### Dataset extract

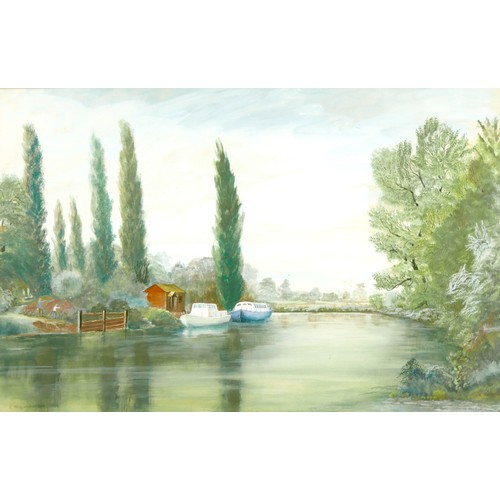 41 - C. W. Smith (British, 20th century): 'Sutton', a view of the river Nene, possibly by Walter Smith of... 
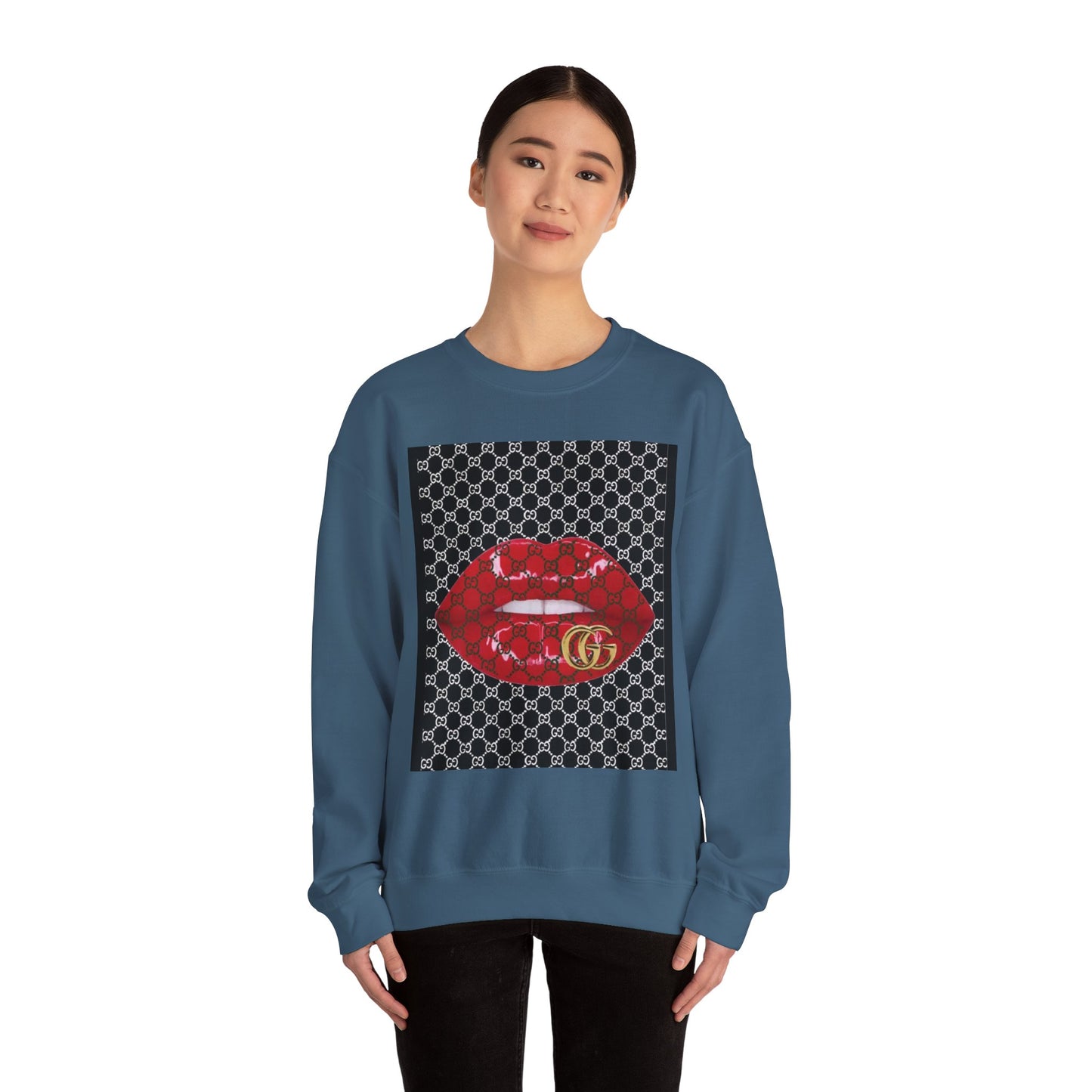 Trendy Unisex Graphic Crewneck Sweatshirt with Lip Design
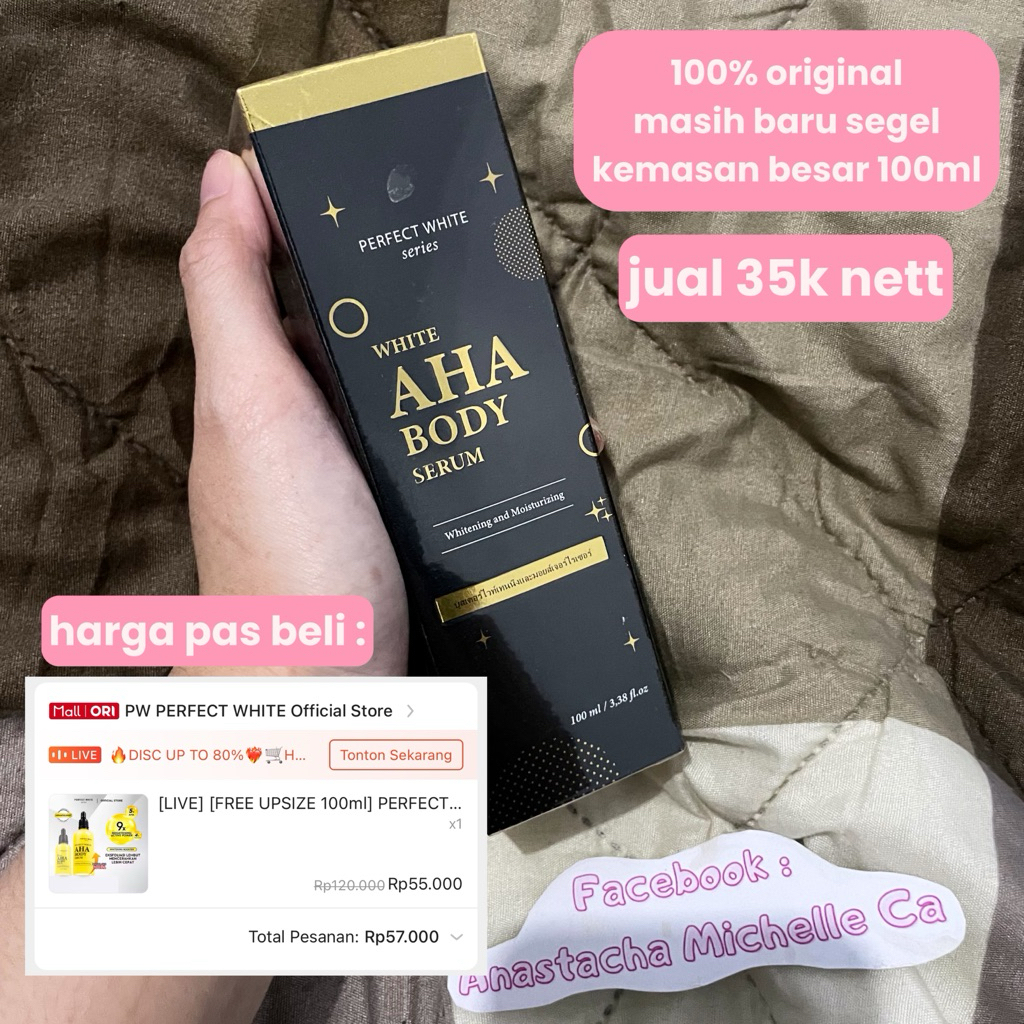 (Masih Baru Segel) Perfect White AHA Body Serum Ukuran Besar 100ml Whitening and Moisturizing || Ori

### Exercise brief
Any picture found in the data is to be skipped while the rest is copied exactly.

### Exercise answer
 41 - C. W. Smith (British, 20th century): 'Sutton', a view of the river Nene, possibly by Walter Smith of... 
 Trendy Unisex Graphic Crewneck Sweatshirt with Lip Design
 (Masih Baru Segel) Perfect White AHA Body Serum Ukuran Besar 100ml Whitening and Moisturizing || Ori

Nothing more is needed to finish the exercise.